Plágio Desconsolado
“ ... no tempo em que festejavam o dia dos meus anos eu era feliz e ninguém estava morto...”
Esta crônica é um plágio descarado e assumido não só das palavras de Fernando Pessoa, mas sobretudo, da nostalgia desconsolada de suas estrofes.
Certas datas sempre me trazem uma certa angustia saudosa dos tempos em que eu era feliz e ninguém estava morto.
O poema continua, como se fosse possível recuperar aquela sensação de imortalidade, que só os muito jovens podem ter impunemente.
...o que fui de amarem-me e eu ser menino...
A casa antiga cheia de parentes distantes, as tias, os primos, a gente diferente que só aparecia nessas ocasiões, beijando a mão e pedindo: “bença mãe”, “bença vó”.
...o que restou hoje é terem vendido a casa, é terem morrido todos...
A grande mesa da sala espichada com todas suas tábuas para acomodar todos, a matriarca na cabeceira, comandando. As crianças segregadas na copa, a curiosidade atiçada pela novidade das visitas.
Eram encontros raros, esporádicos que rendiam exclamações de surpresa por constatar o crescimento da nova geração, suspiros conformados ao notar os vincos do tempo nos rostos envelhecidos pela idade e pela vida.
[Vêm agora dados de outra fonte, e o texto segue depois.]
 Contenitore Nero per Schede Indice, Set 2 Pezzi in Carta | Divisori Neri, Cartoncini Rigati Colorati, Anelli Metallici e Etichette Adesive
Depois de passada a comoção inicial, o almoço farto regado a assuntos intermináveis e alguns arranca-rabos entre essa gente de sangue quente e sem papas na língua. Não durava muito o estranhamento, apenas até Vó Véia, dona da casa e das almas de todos seus descendentes, decretar com um tom de voz que não permitia questionamentos, o fim da perenga. Era um ritual imutável, uma espécie de jogo familiar, no qual só a data que estava sendo celebrada era diferente.
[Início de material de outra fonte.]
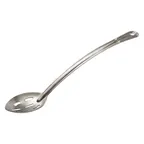 image of Winco SSCH-15L 15" Heavy Duty Sloted Basting Spoon w/ Curved Handle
Nos aniversários o bolo com as velinhas, bolo caipira vestido de gala, com recheio de cocada e ameixa, enfeitado de suspiro branco.
No Natal o presépio no lugar de honra da sala, a missa do galo, a expectativa dos pequenos em torno dos pacotes vistosos e, novamente a mesa farta e espichada. Mas a Semana Santa era a mais especial, tinha um ar triste, um silêncio reverente, pouco doce e pouco riso, até os passarinhos nas gaiolas das numerosas janelas cantavam com maior solenidade.
...e a casa dos que me amaram treme através das minhas lágrimas...
As procissões que passavam pela rua traziam o murmúrio das rezas, o alarme das matracas anunciando a tragédia revivida a cada ano.
O cheiro de velas e flores na igreja escura contribuía ainda mais para as fantasias lúgubres que nem a promessa da ressurreição e do ovo de chocolate conseguia aplacar.
No tempo que festejavam o dia dos meus anos, de não ter as esperanças que os outros tinham por mim, no tempo que ninguém estava morto, sequer suspeitava a nostalgia desconsolada que trago hoje.
... raiva de não ter trazido o passado roubado na algibeira...
As partes em itálico são do heterônimo de Pessoa, Álvaro de Campos, em Aniversário.